### Action item
In the entries below, begin at the line that has "A black Cat" and stop after the line that has "A bed in a hotel room."; output those lines exactly, leaving out pictures.
(Materials provided Opens)
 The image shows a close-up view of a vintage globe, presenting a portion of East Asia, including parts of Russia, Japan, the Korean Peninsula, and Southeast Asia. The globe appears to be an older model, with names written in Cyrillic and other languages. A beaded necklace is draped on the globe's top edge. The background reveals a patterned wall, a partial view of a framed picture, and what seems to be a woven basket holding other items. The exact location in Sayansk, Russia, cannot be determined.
(Materials provided Closes)
(Materials provided Opens)
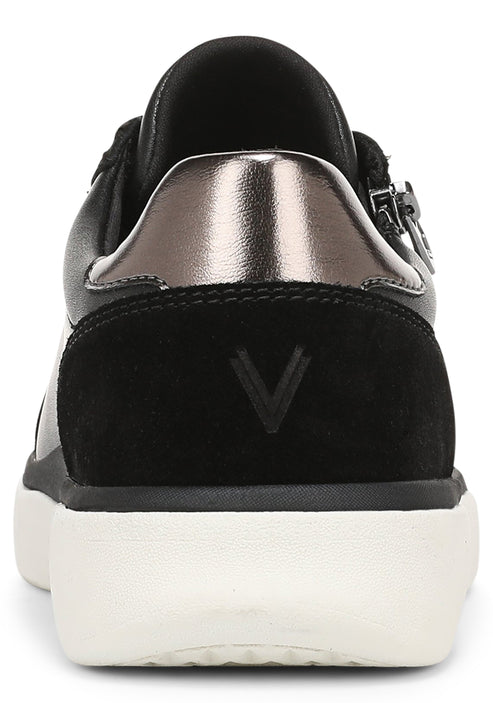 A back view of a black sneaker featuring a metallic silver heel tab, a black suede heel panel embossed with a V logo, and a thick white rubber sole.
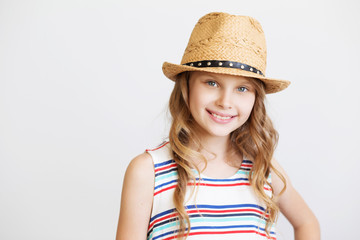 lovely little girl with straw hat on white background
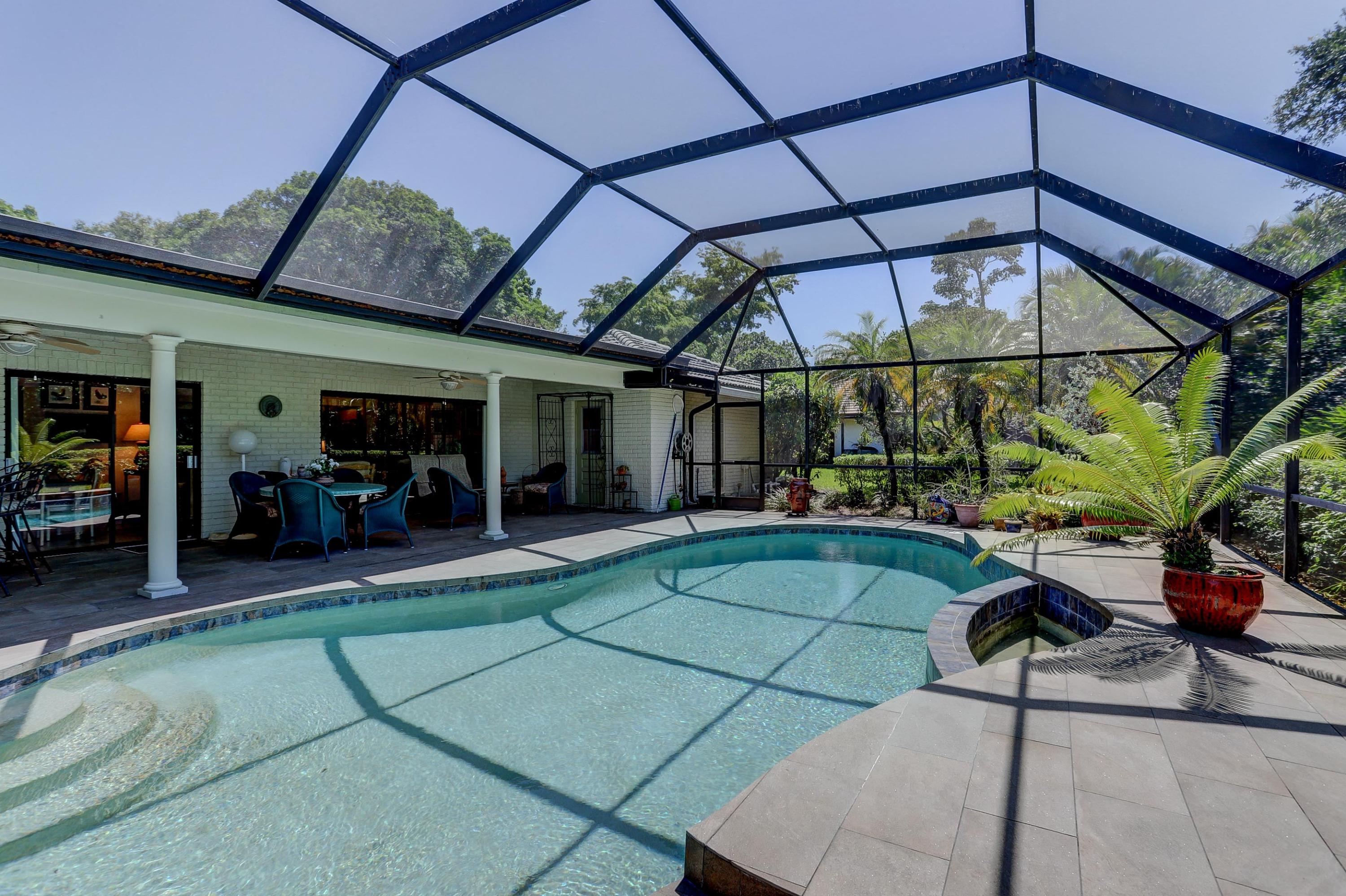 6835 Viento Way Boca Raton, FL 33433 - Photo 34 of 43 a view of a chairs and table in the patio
(Materials provided Closes)
(Materials provided Opens)
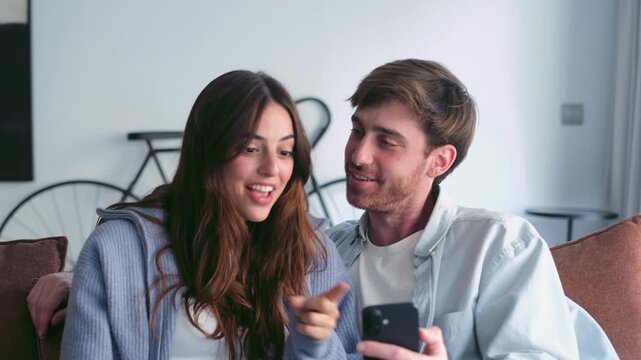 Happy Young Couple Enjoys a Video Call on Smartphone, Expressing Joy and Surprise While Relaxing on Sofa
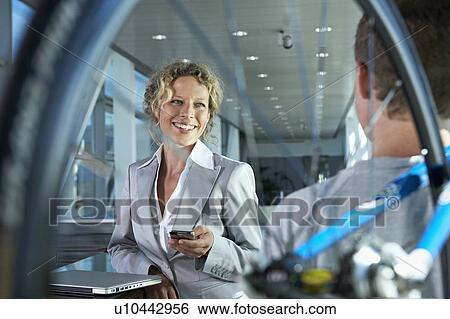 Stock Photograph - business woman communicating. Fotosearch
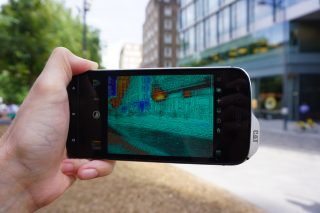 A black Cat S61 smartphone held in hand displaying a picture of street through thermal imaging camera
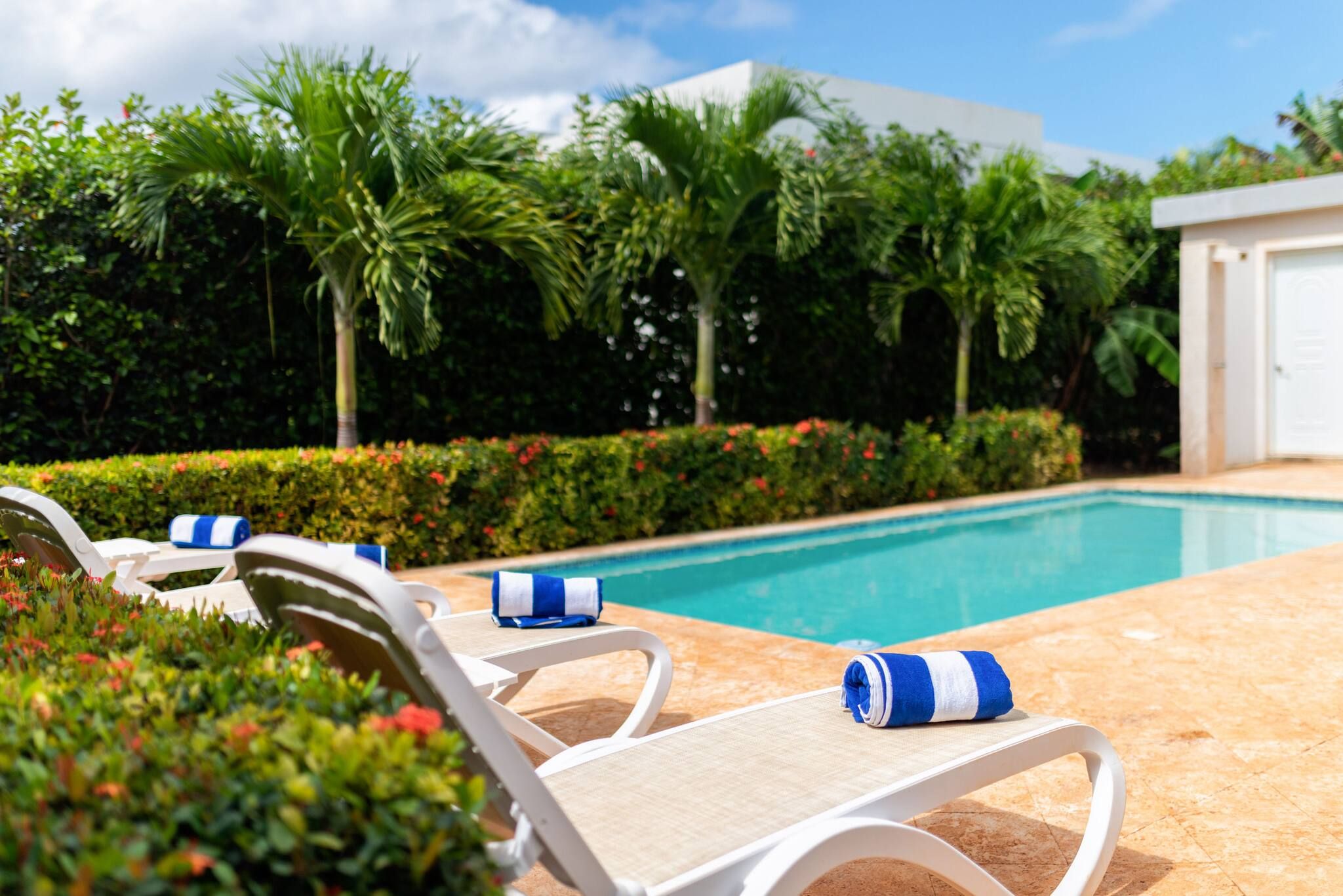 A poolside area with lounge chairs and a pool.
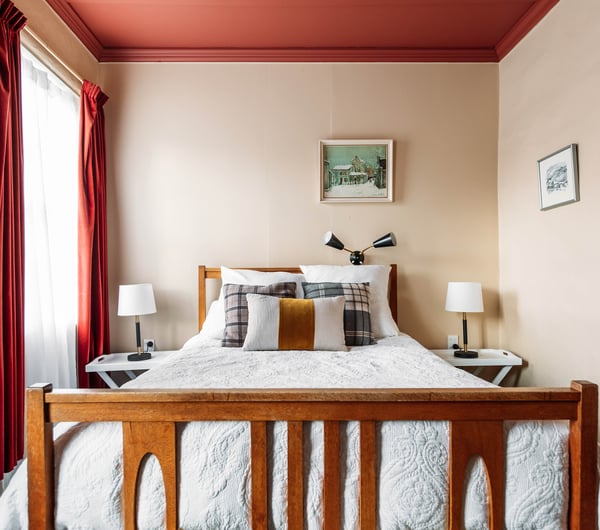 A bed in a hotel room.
(Materials provided Closes)
### Written answer
 A black Cat S61 smartphone held in hand displaying a picture of street through thermal imaging camera
 A poolside area with lounge chairs and a pool.
 A bed in a hotel room.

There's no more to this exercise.